● **Required action**
Beneath this line is the data. Output exactly the lines from the line with "以下是根据您的要求生成的内容：" to the line with "Mastering Blockchain: Unlocking", both ends included, and nothing more.

● **Source data**
◇ ◇ ◇ ◇ ◇ ◇ ◇
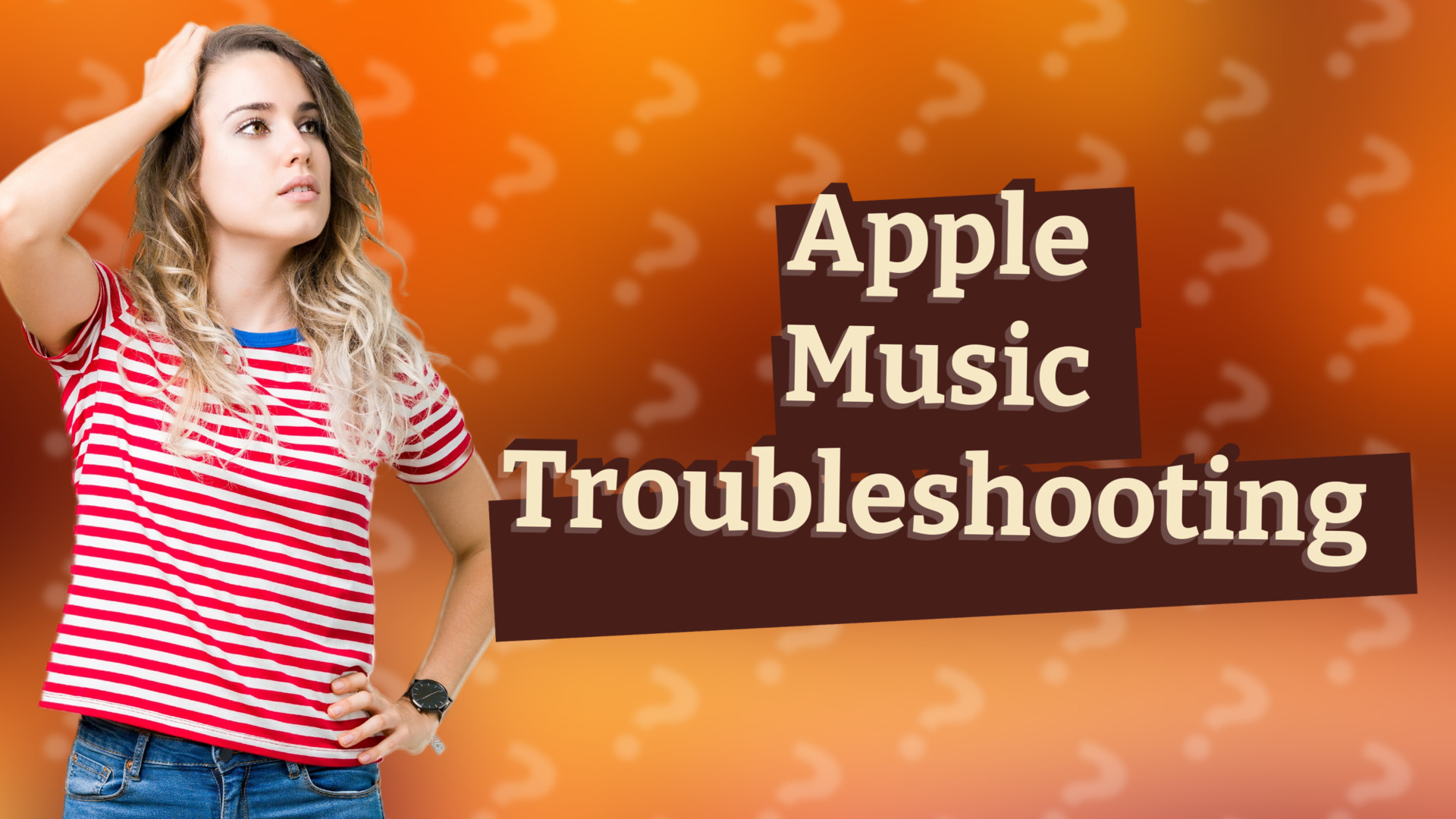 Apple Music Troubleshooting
◇ ◇ ◇ ◇ ◇ ◇ ◇
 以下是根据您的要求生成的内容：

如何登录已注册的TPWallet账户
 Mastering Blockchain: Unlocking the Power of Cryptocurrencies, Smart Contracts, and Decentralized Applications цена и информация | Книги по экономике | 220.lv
◇ ◇ ◇ ◇ ◇ ◇ ◇
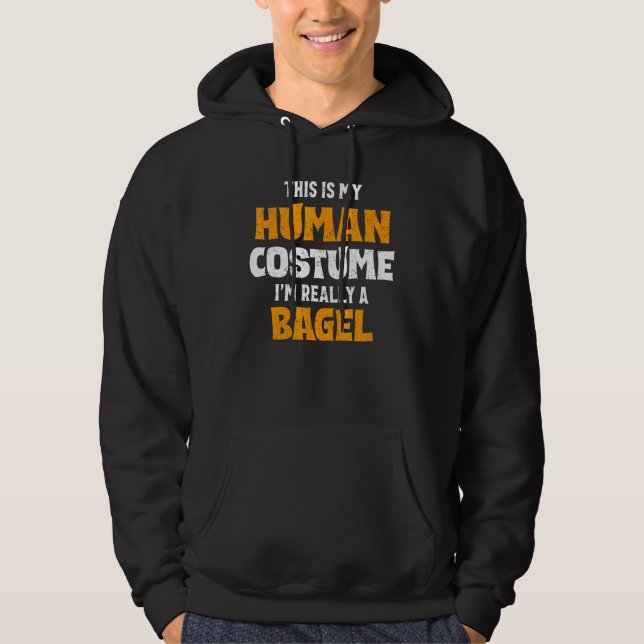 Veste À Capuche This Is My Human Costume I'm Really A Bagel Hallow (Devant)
◇ ◇ ◇ ◇ ◇ ◇ ◇
● **Completed task**
 以下是根据您的要求生成的内容：

如何登录已注册的TPWallet账户
 Mastering Blockchain: Unlocking the Power of Cryptocurrencies, Smart Contracts, and Decentralized Applications цена и информация | Книги по экономике | 220.lv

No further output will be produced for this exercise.